GIVEN RECORDS

Start of Block

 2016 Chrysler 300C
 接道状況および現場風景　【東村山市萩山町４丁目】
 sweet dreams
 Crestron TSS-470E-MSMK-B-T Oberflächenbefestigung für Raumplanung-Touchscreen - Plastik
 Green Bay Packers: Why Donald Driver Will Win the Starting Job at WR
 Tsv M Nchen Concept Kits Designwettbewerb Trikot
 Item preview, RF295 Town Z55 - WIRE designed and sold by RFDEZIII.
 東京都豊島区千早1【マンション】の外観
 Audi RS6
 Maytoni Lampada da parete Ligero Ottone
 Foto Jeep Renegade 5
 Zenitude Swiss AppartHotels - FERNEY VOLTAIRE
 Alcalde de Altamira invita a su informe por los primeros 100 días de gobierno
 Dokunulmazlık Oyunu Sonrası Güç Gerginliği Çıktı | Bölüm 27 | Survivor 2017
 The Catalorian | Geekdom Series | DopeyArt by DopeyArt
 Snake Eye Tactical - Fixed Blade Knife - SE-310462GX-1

End of Block
Start of Block

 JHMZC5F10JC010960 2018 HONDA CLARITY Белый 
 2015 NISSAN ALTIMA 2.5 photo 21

End of Block
Start of Block

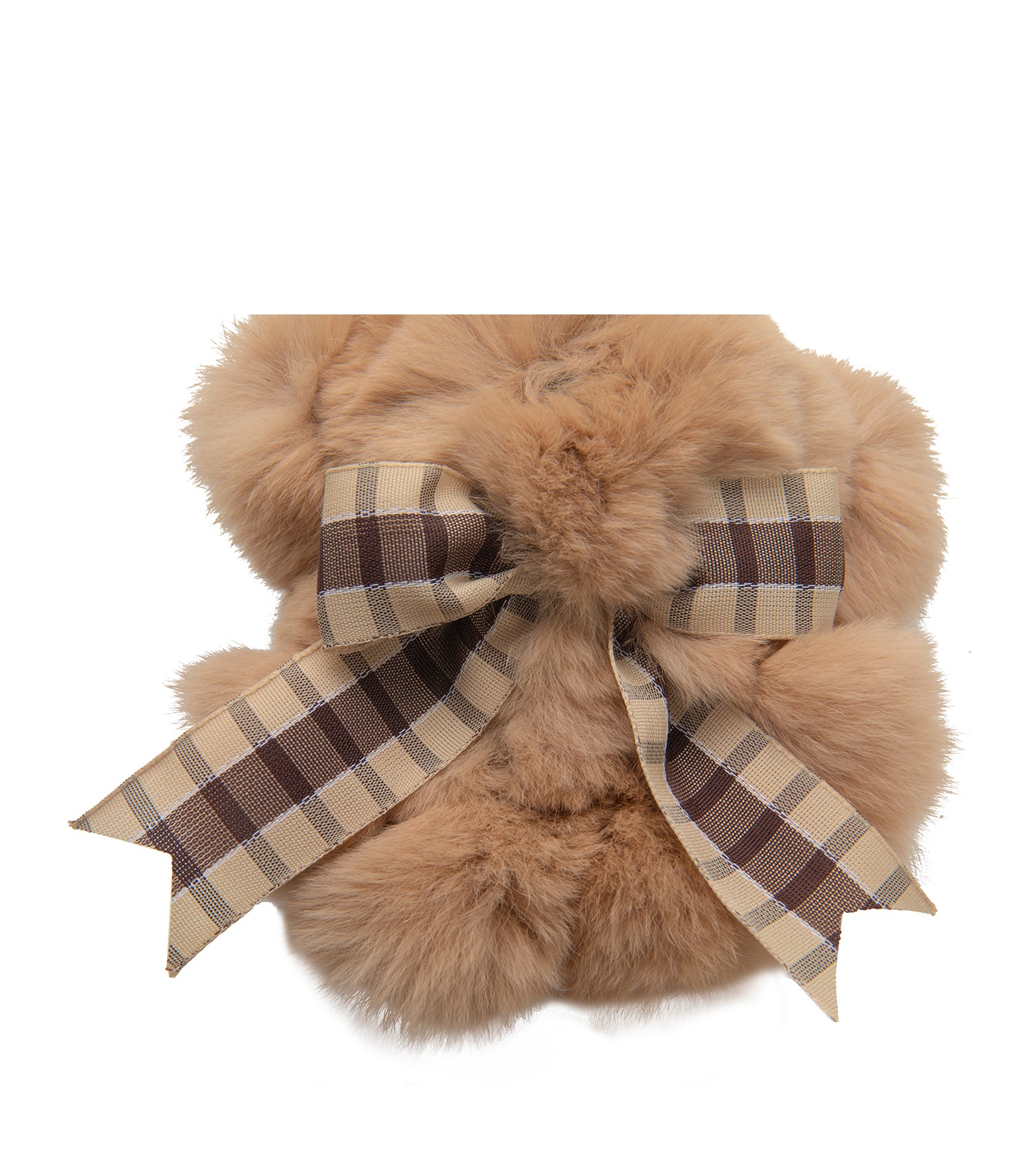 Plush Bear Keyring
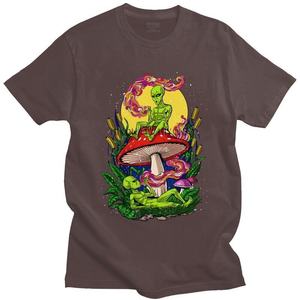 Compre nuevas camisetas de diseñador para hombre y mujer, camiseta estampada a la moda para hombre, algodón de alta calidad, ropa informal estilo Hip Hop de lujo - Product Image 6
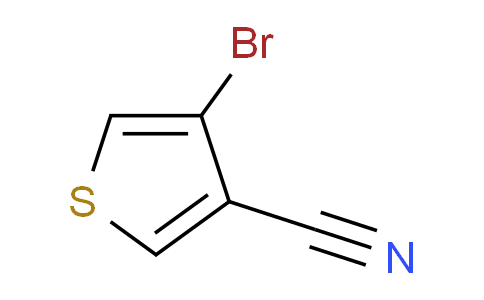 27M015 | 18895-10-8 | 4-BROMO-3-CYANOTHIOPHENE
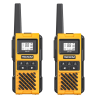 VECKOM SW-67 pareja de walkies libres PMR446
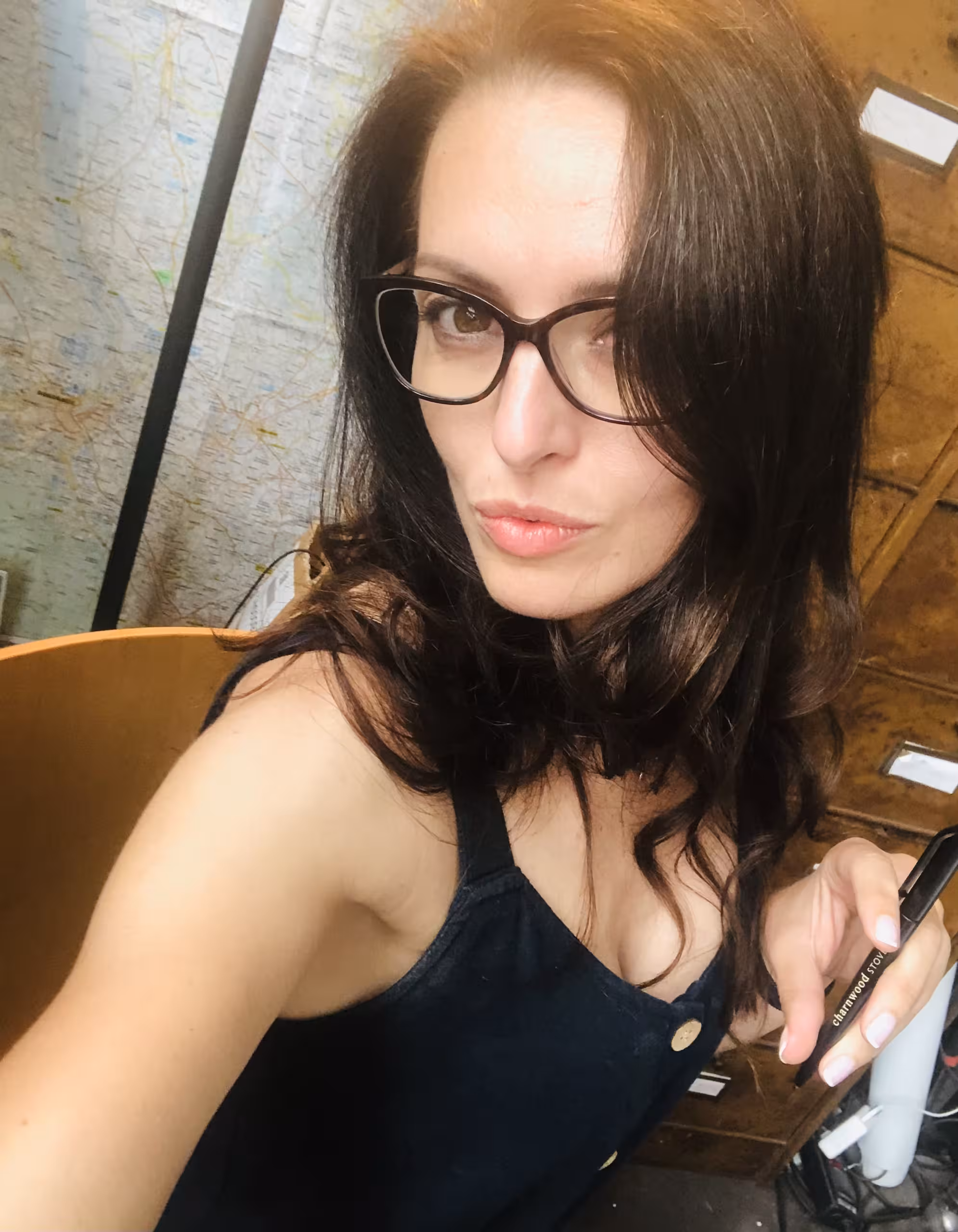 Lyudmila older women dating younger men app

End of Block

YOUR OBJECTIVE
Please give back exactly the lines of this listing beginning at the line with "Crestron TSS-470E-MSMK-B-T Oberflächenbefestigung" and ending with the line with "Snake Eye Tactical", both included, and nothing else.

WORKED SOLUTION
 Crestron TSS-470E-MSMK-B-T Oberflächenbefestigung für Raumplanung-Touchscreen - Plastik
 Green Bay Packers: Why Donald Driver Will Win the Starting Job at WR
 Tsv M Nchen Concept Kits Designwettbewerb Trikot
 Item preview, RF295 Town Z55 - WIRE designed and sold by RFDEZIII.
 東京都豊島区千早1【マンション】の外観
 Audi RS6
 Maytoni Lampada da parete Ligero Ottone
 Foto Jeep Renegade 5
 Zenitude Swiss AppartHotels - FERNEY VOLTAIRE
 Alcalde de Altamira invita a su informe por los primeros 100 días de gobierno
 Dokunulmazlık Oyunu Sonrası Güç Gerginliği Çıktı | Bölüm 27 | Survivor 2017
 The Catalorian | Geekdom Series | DopeyArt by DopeyArt
 Snake Eye Tactical - Fixed Blade Knife - SE-310462GX-1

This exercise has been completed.